An answer that reproduces all the entries exactly is what is needed.

§ SOURCE MATERIAL
^^^^

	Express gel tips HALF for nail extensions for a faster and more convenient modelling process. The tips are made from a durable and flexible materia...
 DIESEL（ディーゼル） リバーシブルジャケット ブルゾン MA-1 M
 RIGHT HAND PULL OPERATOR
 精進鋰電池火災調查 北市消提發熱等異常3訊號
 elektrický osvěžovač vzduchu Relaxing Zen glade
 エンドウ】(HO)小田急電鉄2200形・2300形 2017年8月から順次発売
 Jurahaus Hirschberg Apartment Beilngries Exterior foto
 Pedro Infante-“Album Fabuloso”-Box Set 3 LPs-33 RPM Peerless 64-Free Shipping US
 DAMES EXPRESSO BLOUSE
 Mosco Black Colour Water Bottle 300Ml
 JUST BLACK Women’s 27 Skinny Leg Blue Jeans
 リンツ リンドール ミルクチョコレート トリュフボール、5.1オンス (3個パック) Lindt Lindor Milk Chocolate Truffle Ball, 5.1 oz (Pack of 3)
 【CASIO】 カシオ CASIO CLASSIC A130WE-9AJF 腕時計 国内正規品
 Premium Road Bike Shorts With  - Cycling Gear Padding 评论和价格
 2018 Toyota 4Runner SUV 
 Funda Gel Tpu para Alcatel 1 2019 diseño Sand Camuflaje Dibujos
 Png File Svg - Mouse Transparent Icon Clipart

^^^^

§ THE COMPLETED TASK
	Express gel tips HALF for nail extensions for a faster and more convenient modelling process. The tips are made from a durable and flexible materia...
 DIESEL（ディーゼル） リバーシブルジャケット ブルゾン MA-1 M
 RIGHT HAND PULL OPERATOR
 精進鋰電池火災調查 北市消提發熱等異常3訊號
 elektrický osvěžovač vzduchu Relaxing Zen glade
 エンドウ】(HO)小田急電鉄2200形・2300形 2017年8月から順次発売
 Jurahaus Hirschberg Apartment Beilngries Exterior foto
 Pedro Infante-“Album Fabuloso”-Box Set 3 LPs-33 RPM Peerless 64-Free Shipping US
 DAMES EXPRESSO BLOUSE
 Mosco Black Colour Water Bottle 300Ml
 JUST BLACK Women’s 27 Skinny Leg Blue Jeans
 リンツ リンドール ミルクチョコレート トリュフボール、5.1オンス (3個パック) Lindt Lindor Milk Chocolate Truffle Ball, 5.1 oz (Pack of 3)
 【CASIO】 カシオ CASIO CLASSIC A130WE-9AJF 腕時計 国内正規品
 Premium Road Bike Shorts With  - Cycling Gear Padding 评论和价格
 2018 Toyota 4Runner SUV 
 Funda Gel Tpu para Alcatel 1 2019 diseño Sand Camuflaje Dibujos
 Png File Svg - Mouse Transparent Icon Clipart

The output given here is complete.